On-line coloring between two lines

We study on-line colorings of certain graphs given as intersection graphs of objects "between two lines", i.e., there is a pair of horizontal lines such that each object of the representation is a connected set contained in the strip between the lines and touches both. Some of the graph classes admitting such a representation are permutation graphs (segments), interval graphs (axis-aligned rectangles), trapezoid graphs (trapezoids) and cocomparability graphs (simple curves). We present an on-line algorithm coloring graphs given by convex sets between two lines that uses $O(\omega^3)$ colors on graphs with maximum clique size $\omega$. In contrast intersection graphs of segments attached to a single line may force any on-line coloring algorithm to use an arbitrary number of colors even when $\omega=2$. The {\em left-of} relation makes the complement of intersection graphs of objects between two lines into a poset.
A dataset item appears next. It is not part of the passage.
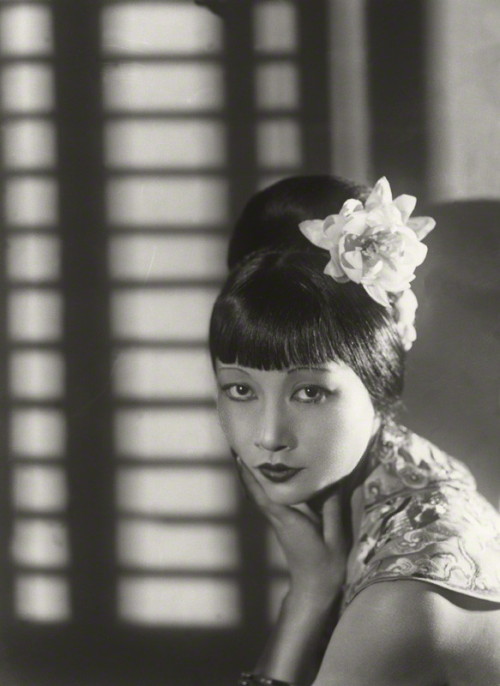 twixnmix:Anna May Wong photographed by Paul Tanqueray, 1933.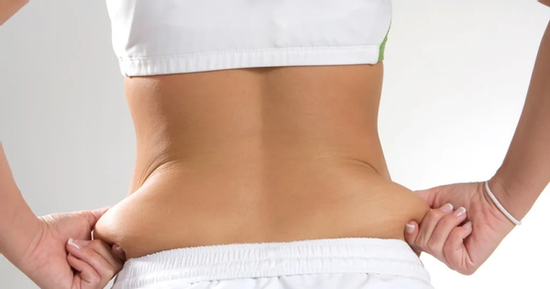 Bài tập đứng 7 phút giúp giảm mỡ vùng hông sau tuổi 45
As an aside we discuss the relation of the class $\mathcal{C}$ of posets obtained from convex sets between two lines with some other classes of posets: all $2$-dimensional posets and all posets of height $2$ are in $\mathcal{C}$ but there is a $3$-dimensional poset of height $3$ that does not belong to $\mathcal{C}$. We also show that the on-line coloring problem for curves between two lines is as hard as the on-line chain partition problem for arbitrary posets.